# Problem requirements
Below are the records. Retype, exactly, the lines from the first through the line with "You're going to make", and leave out the pictures.

# Source information

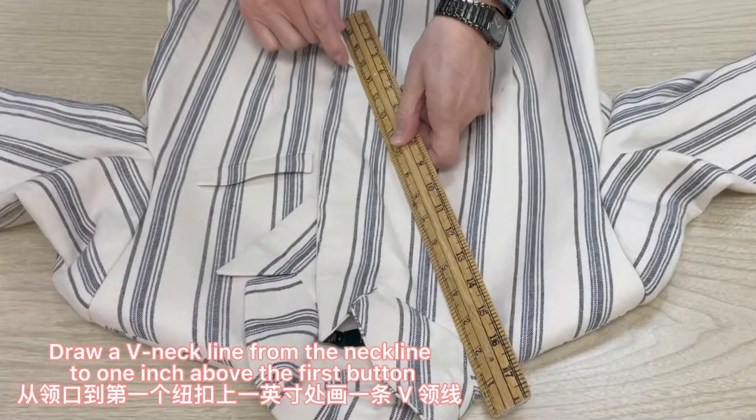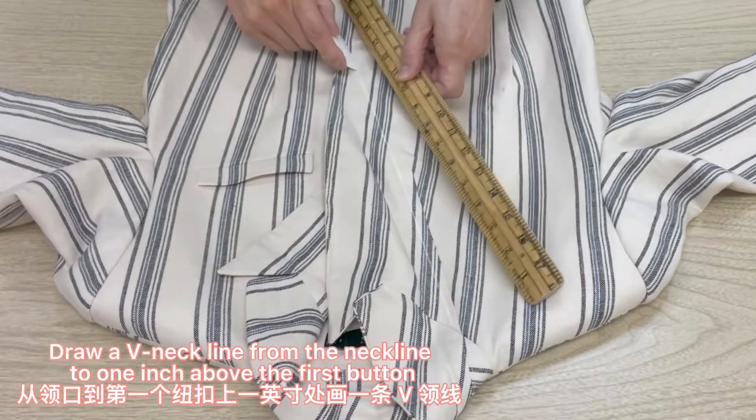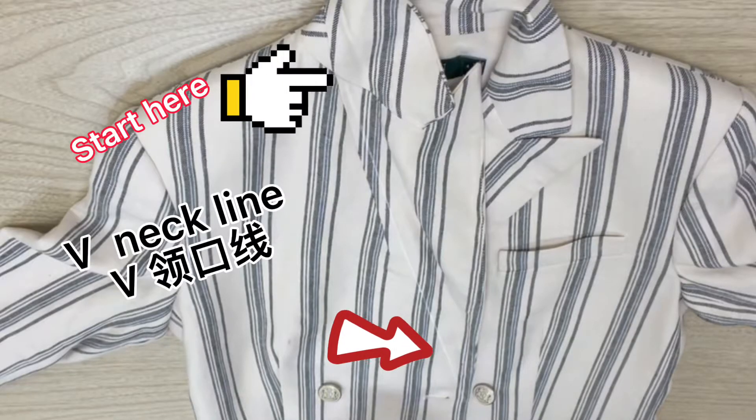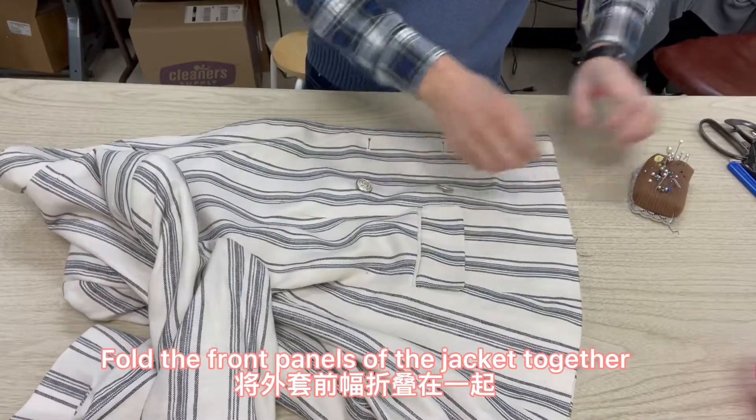Draw a V-neck line from the neckline to one inch above the first button. That is your V-neck line. Fold the front panels of the jacket together.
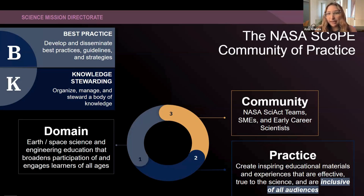One of our ways is doing a best practices community, where we develop and disseminate best practices, guidelines and strategies. We are also a knowledge stewarding community of practice, so we organize, manage and steward a body of knowledge. That's what makes up our NASA SCOPE community of practice.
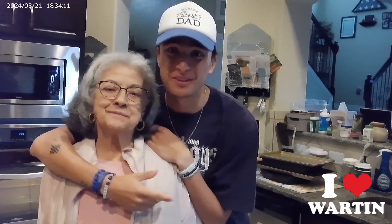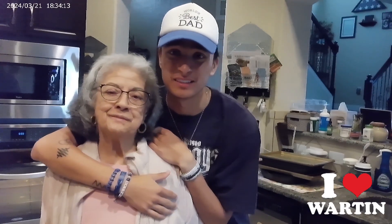Yo, yo, what's up YouTube? It's BoBart69, and today I'm about to make chicken nuggets with my beautiful, lovely, amazing grandmother.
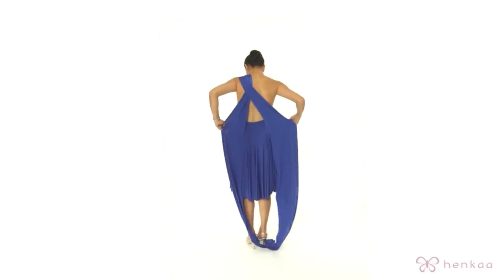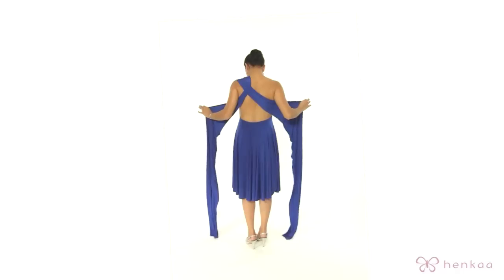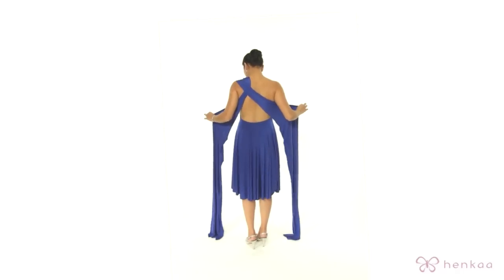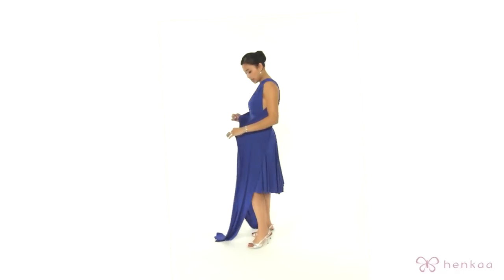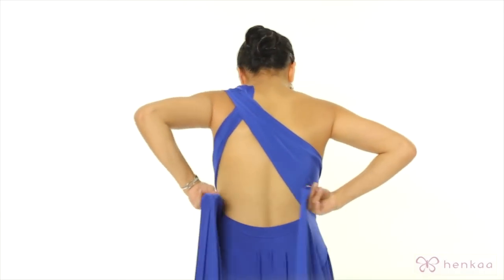You're going to make one crossover and then you're going to hold the tip or the edge of the fabric on the top and give it a quick tug. Bring it back around to the front, come around, and go back around.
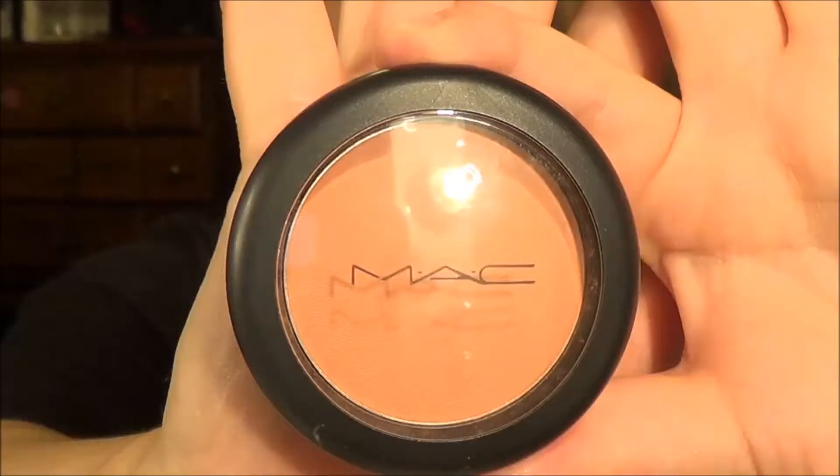Then we're just going to lightly bronze our faces, and don't forget to do those temples because that's very important. Mac Melba — Nicole girl got me hooked on this. This stuff is just so beautiful, I love it.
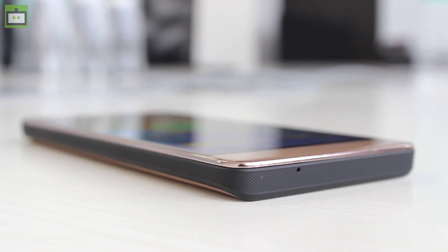That's pretty much about the Micromax Evoke Power. Do let us know what you think about this smartphone in the comments below. You can subscribe to our channel and like the video if you enjoyed it. Hope you guys have a good day — this is Sam signing off.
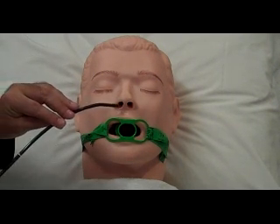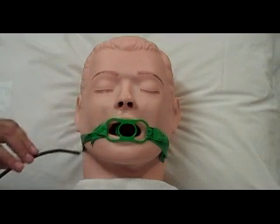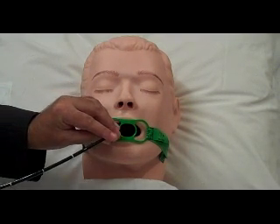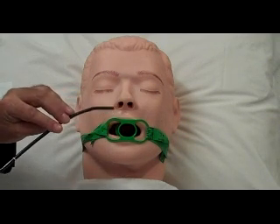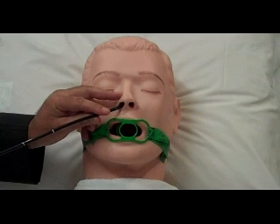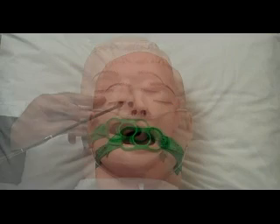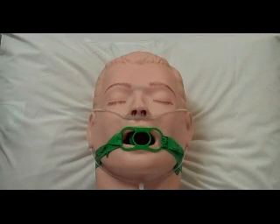I can insert the scope through the nostril or through the mouth using a bite block. When I insert the scope into the airway, I can stabilize the scope at the insertion site. I need to be careful to never poke my patient in the eye. We always give oxygen when we do bronchoscopy.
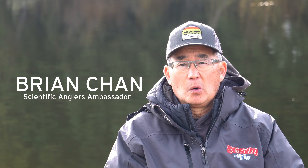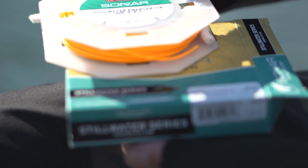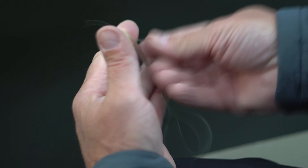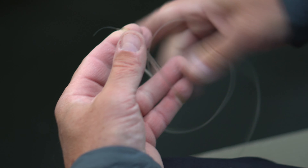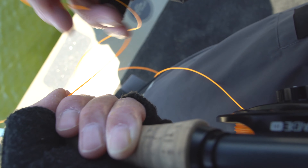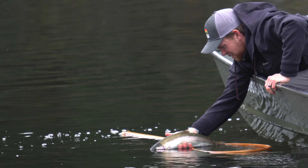The emerger tip line, with its clear sinking tip section, is an ideal lake line for a lot of different strategies. That slow sinking tip allows your fly to get down in the water column, and by varying the length of leader you use, you can effectively use that line to fish emerging mayfly nymphs, damselfly nymphs, caddis pupa, water boatman, back swimmers — and it's an ideal line for fishing chironomids as well as leeches.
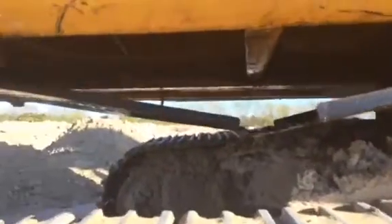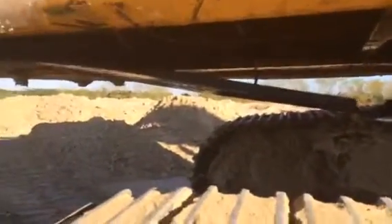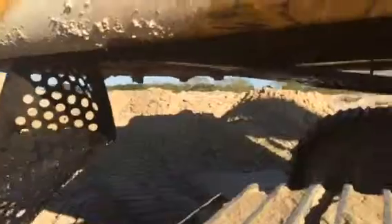The bolts, whatever's holding this front panel — the lower panel line fell off. You can see there's some damage, some bent up iron.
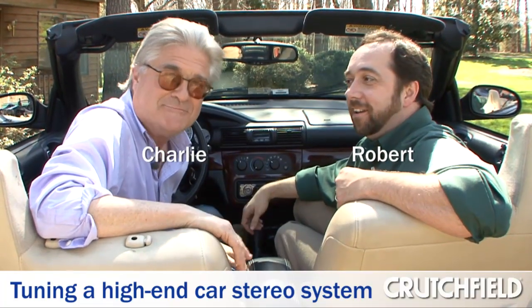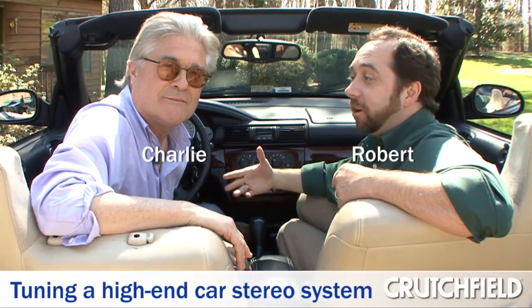Hi, I'm Robert. I'm Charlie. And in the first part of this video, Charlie told us all about this killer new sound system he has in his car. Well, in this part of the video, he's going to tell us about his experience with tuning the system and getting it to sound just right.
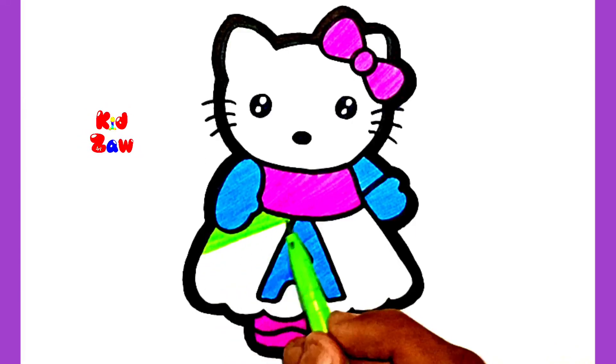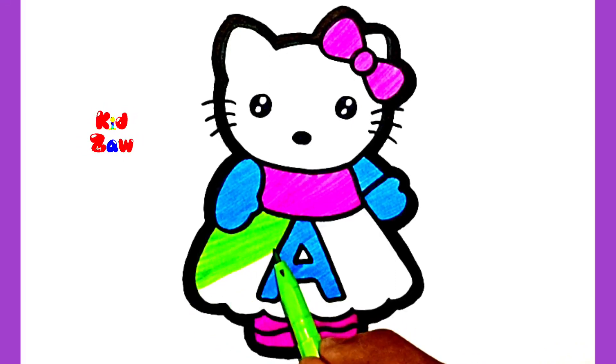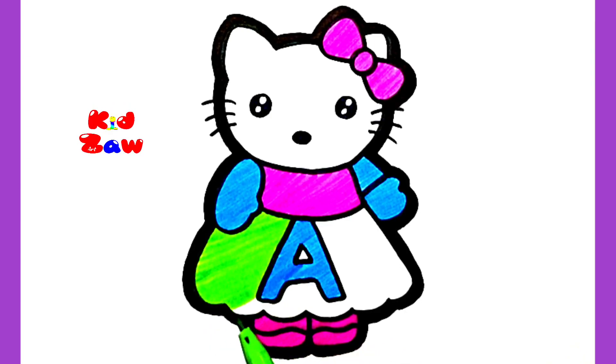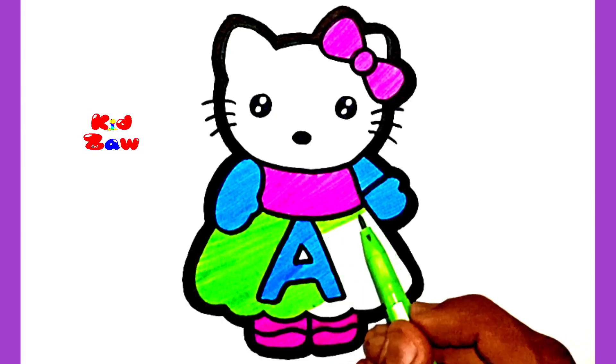A Tisket, a Tasket, a green and yellow basket. I wrote a letter to my love and on the way I dropped it. Dropped it, I dropped it, and on the way I dropped it. A little boy, he picked it up and put it in his pocket.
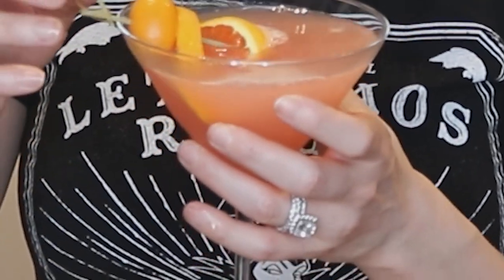I don't even know what I'm calling this. Okay let's call it an orange dream quarantini. Really good.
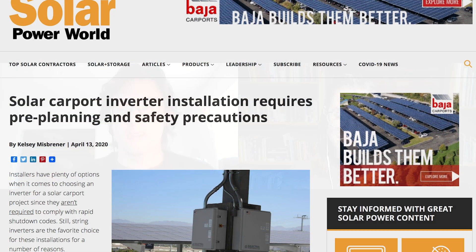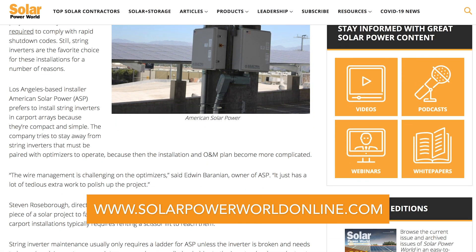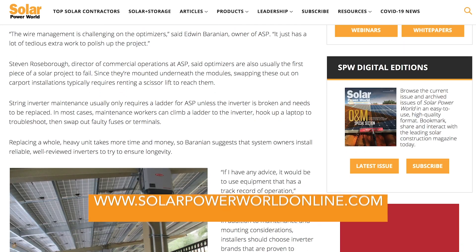Installers should make sure solar carport inverters are safely housed away from humans and proven to withstand the elements, since they're typically more exposed than on other commercial installations. For more on solar inverters, read our story online and stay tuned for the next Solar Basics videos.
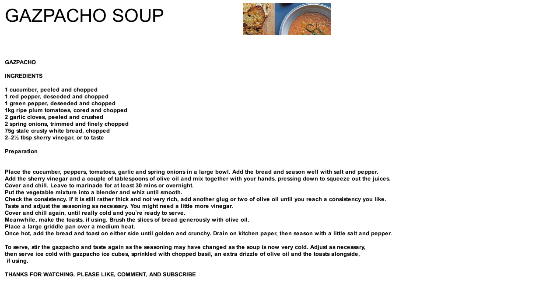Preparation: Place the cucumber, peppers, tomatoes, garlic and spring onions in a large bowl. Add the bread and season well with salt and pepper. Add the sherry vinegar and a couple of tablespoons of olive oil and mix together with your hands, pressing down to squeeze out the juices. Cover and chill. Leave to marinade for at least 30 minutes or overnight.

# Completed task
Draw a V-neck line from the neckline to one inch above the first button. That is your V-neck line. Fold the front panels of the jacket together.
One of our ways is doing a best practices community, where we develop and disseminate best practices, guidelines and strategies. We are also a knowledge stewarding community of practice, so we organize, manage and steward a body of knowledge. That's what makes up our NASA SCOPE community of practice.
Yo, yo, what's up YouTube? It's BoBart69, and today I'm about to make chicken nuggets with my beautiful, lovely, amazing grandmother.
You're going to make one crossover and then you're going to hold the tip or the edge of the fabric on the top and give it a quick tug. Bring it back around to the front, come around, and go back around.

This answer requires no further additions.